VANCOUVER, British Columbia (Reuters) - Bank of Nova Scotia has questioned the authority of the chief executive of Canwest Global Communications Corp, exposing a rift between the debt-laden media company and its long-time bank, the Globe and Mail newspaper said on Monday.
The bank, which is owed millions by Canwest, is leading an attempted purchase of the group’s newspaper division.
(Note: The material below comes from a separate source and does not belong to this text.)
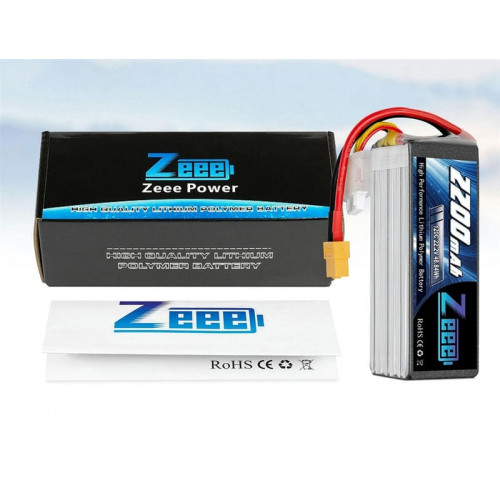 Аккумулятор Zeee 2200мАч 6S 120C LiPo (XT60)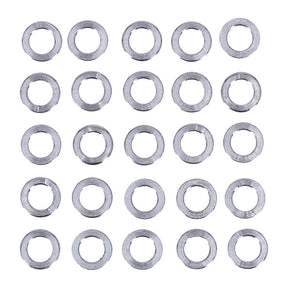 Chrome Washer 25 Pack Spacers Usa Sizes Gardner Westcott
The unit received court-approved creditor protection last week as Canwest struggles under a debt load of about C$4 billion ($3.9 billion).
Canwest Chief Executive Leonard Asper has tried to halt the sale of the newspapers, which include the company’s flagship National Post, saying the move is rushed and a better price could be realized down the road, the Globe said.
Asper raised his objections in a letter to Scotiabank, Canada’s third biggest bank, which then responded.
“The information provided to us makes it unclear whether you have the corporate authority to make the proposals contained in your letter,” Jane Rowe, Scotiabank’s executive vice-president of global risk management, told Asper in her letter.
Canwest said on Friday it has received an offer of about C$925 million for its newspapers from a group of lenders representing Canada’s five biggest banks and led by Scotiabank.
Canwest is seven months behind on its debt payments and Scotiabank has warned the company it has no say over whether the newspaper assets are sold to recoup the money senior lenders are owed, the Globe said.
Canwest, Canada’s biggest media company, has hired an investment bank to hunt for superior offers for the unit, which also includes papers like the Montreal Gazette and Vancouver Sun.